■ TASK TO CARRY OUT ■
Exact copies of all the lines below are wanted, without a single picture.

■ SOURCE DATA ■
-=-=-

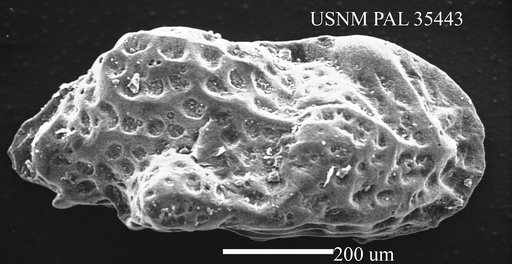 Cytheropteron nodosum Ulrich & Bassler, 1904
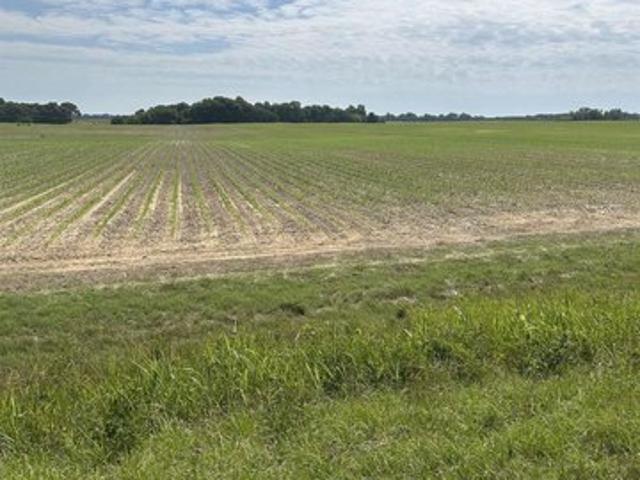 Farm for sale in Unadilla, Georgia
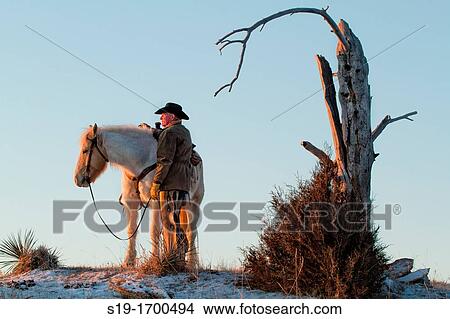 Cowboy and horse View Large Photo Image Picture - Cowboy and horse. Fotosearch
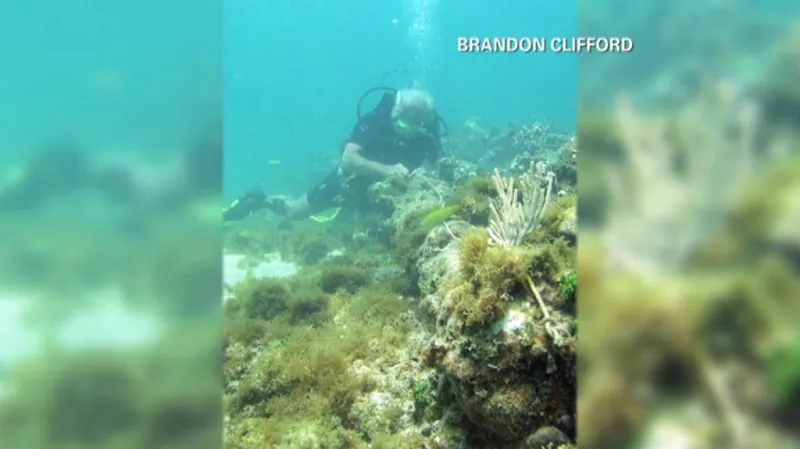 Je pod korály a řasami Kolumbova Santa Maria?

-=-=-

■ TASK RESPONSE ■
 Cytheropteron nodosum Ulrich & Bassler, 1904
 Farm for sale in Unadilla, Georgia
 Cowboy and horse View Large Photo Image Picture - Cowboy and horse. Fotosearch
 Je pod korály a řasami Kolumbova Santa Maria?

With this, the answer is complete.